I glanced from her to the car, the wreckage.

There was no way she should have survived that . . .

“What are you?” I whispered, sinking into a crouch; my calves burned, but I didn’t acknowledge the pain. I just saw her soft violet eyes, ringed with flecks of gold; a distant sunset I wanted nothing more than to get closer to, for some odd reason . . .

I reached out a hand, my flesh no longer aflame, but Alara didn’t take it. She shut her eyes, and when she opened them again, incandescent and bold, they were glowing—glowing gold.
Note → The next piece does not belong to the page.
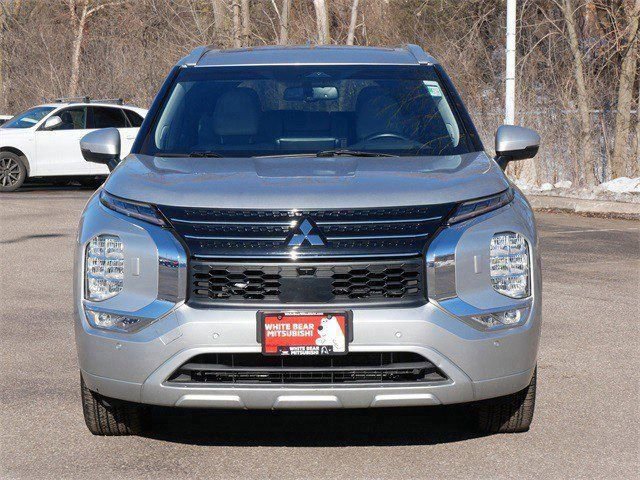 Used 2023 Mitsubishi Outlander SEL image 2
It occurred to me in that moment that she . . . she was . . . cursed!

Cursed like me.

“You . . . you—”

You shouldn’t have saved me,” she said in a voice that wasn’t at all her own, and before I could move away, muster the strength to run, she brought up her hand and splayed her fingers, and like a surge of lightning passed through me, a blinding light sent me sprawling back, thrust from the snowy shadows.

My stomach fluttered with a similar sensation to that of falling, and my head collided with the asphalt, leaving my consciousness to swoon. Time stilled, came to a sudden stop, and I stared straight ahead, straight into the dark, at the gathering of shadows. My bones felt heavy, my thoughts even heavier. And as I lay there, drifting away, I heard Alara’s voice—her real voice—over the roaring in my ears.
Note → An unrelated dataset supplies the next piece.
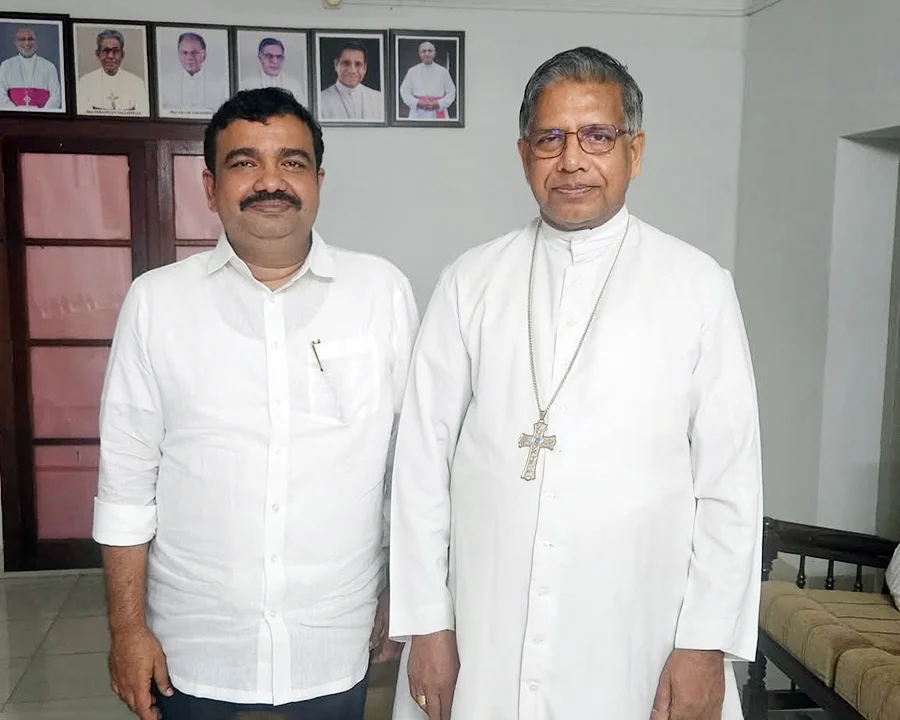Met His excellency Mar Jose porunnedam, Bishop of manathwadi (Wayanad)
“What have I done?” And then, from the dark, “I’m a monster.”



I woke with a sudden jolt beneath the cloud-heavy cobalt sky above. The warm-apricot glow of morning traced its touch across the downtrodden snow, and on the air, on the hesitant breeze that floated through the milky light of Maple Creek, smoke still wafted like glorious specters, twirling through the snow-leaden trees—it whispered, and each undecipherable word, left to linger throughout the day, remained the harbinger of the storm to come.

The scent of burnt wood laced the snowy gale, and slowly, slowly, I shifted so that all of the memories of the night before, lying dormant inside of me, flowed to the forefront of my mind.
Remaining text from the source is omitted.